Sunday, October 22, 2006

The new kid on the block...

I'm finding it very difficult to keep up with school, going out, homework, studying, myspace, friends, family, life and this bloq! (Listed in order of priority)I'm praying I can get the hang of managing my time.

I've been seeing a lot of Melissa lately. I've known her for three years and we used to be inseparable but up until recently the only way I knew she was okay was from Erin.

Melissa has a friend from NY staying at her place. He was supposed to stay with his friend Eugene half the time but Eugene's roommate was a total bitch and said no. So, now he sort of, kind of, lives with Melissa. He's allergic to Meliss's cat just like me.

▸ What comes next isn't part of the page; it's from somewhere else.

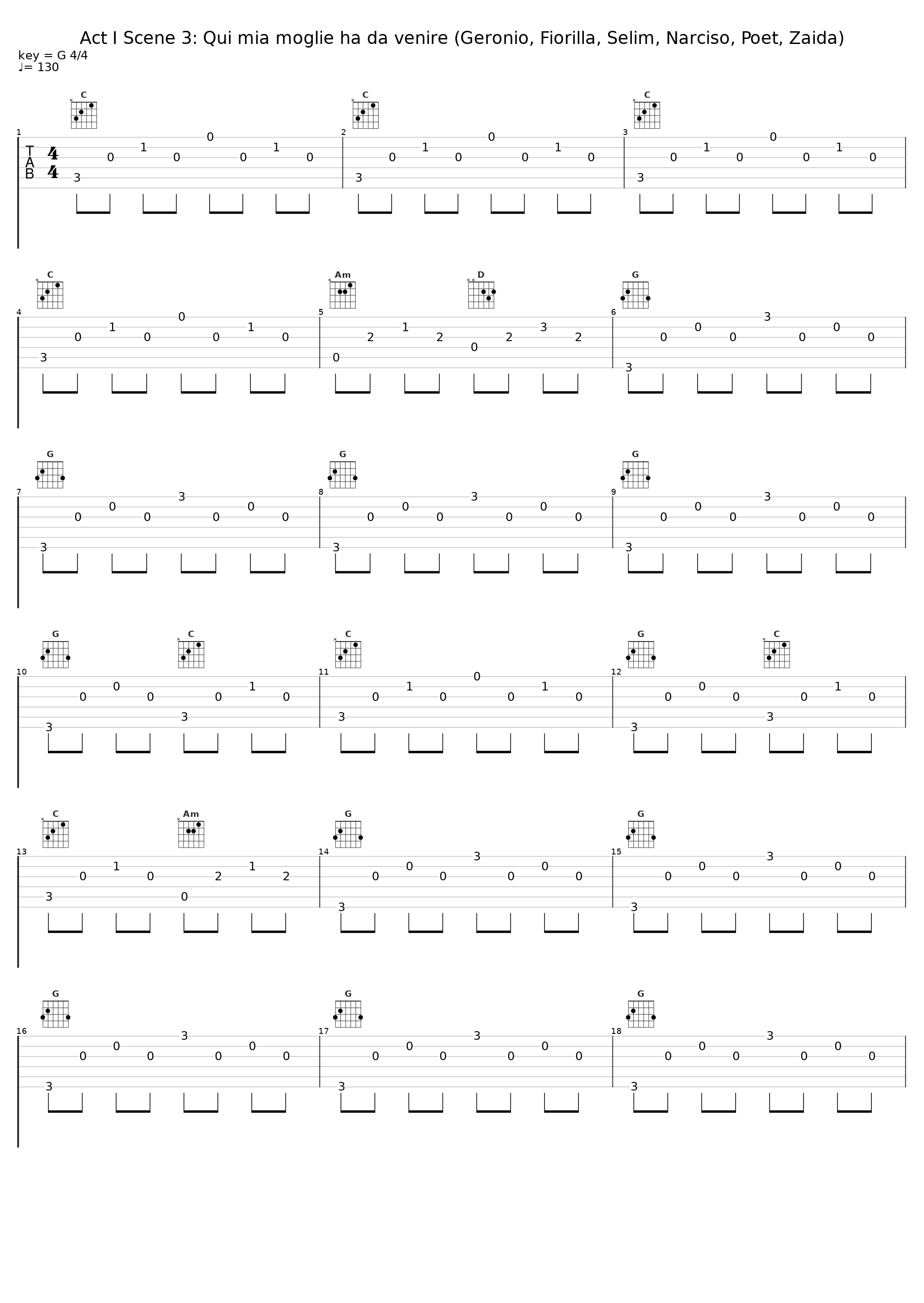 Act I Scene 3: Qui mia moglie ha da venire (Geronio, Fiorilla, Selim, Narciso, Poet, Zaida)_Maria Callas,Nicola Rossi-Lemeni,Nicolai Gedda,Jolanda Gardino_1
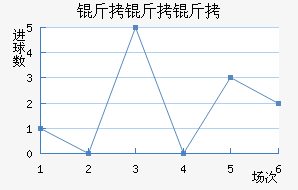 �����ս�������������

When Melissa isn't at school she is at work. When she isn't at work she is at school. On his vacation, Marcos stays all by himself in her apartment with Roxy. Because I only work on weekends and usually have a big gap between classes, I pick him up and take him places. At night Melissa takes care of Marcos and during the day I take him to run errands or to study. It's like we share custody. We also feed him, well at least I try to but he rarely lets me buy him food, he only let's Melissa buy him food. I guess that makes Melissa the mother and I am the dead beat dad who can't even get his estranged kid to eat.

Marcos is fun. He’s like the new kid you get to show off to and who knows less than you. He has funny names for things out here. He doesn’t think they are funny but I do. To kill time he walks places, I told him that he needs to get a car, in California you have to have a car. He said he first needs to learn how to drive on the Highway. I told him, “We don’t call them Highways we call them freeways! Highways are in Palm Springs.” For the rest of his stay he continued to call them highways. Marcos isn’t really good at being a Californian.

One day Marcos told me about his lonesome adventures in LB. He said he went to Tilly’s and wanted to buy a “Fedora”, He said he asked the lady to see the “Fedora”, of course the salesperson didn’t know what he was talking about (at that point neither did I). So he pointed at the Fedora. When she realized what he was pointing at, he asked her what they call this “Fedora” in LA. She said, “We call those pimp hats”. Marcos said that where he comes from Pimp hats have a feather. I told him in California we have two kinds of Pimps. Ones that wear the feather and other’s who don’t. The one's that wear the feather are international pimps.

I didn’t plan on picking up Marcos because I had errands to run. But I ended making him come along. I had five errands to run and only did one; we went to pay my car. Afterwards we decided to check out Venice beach since he’s never been. He was wearing jeans and a t-shirt. I was wearing boots, jeans, a tank, and a long sleeve. It was actually a very gloomy day and it was cold. When we got to Venice we walked all the way up and down the boardwalk. We saw what most tourists see at Venice,Beach bums, homeless, struggling artists/ coke heads, tourists, and the other weirdo’s of LA.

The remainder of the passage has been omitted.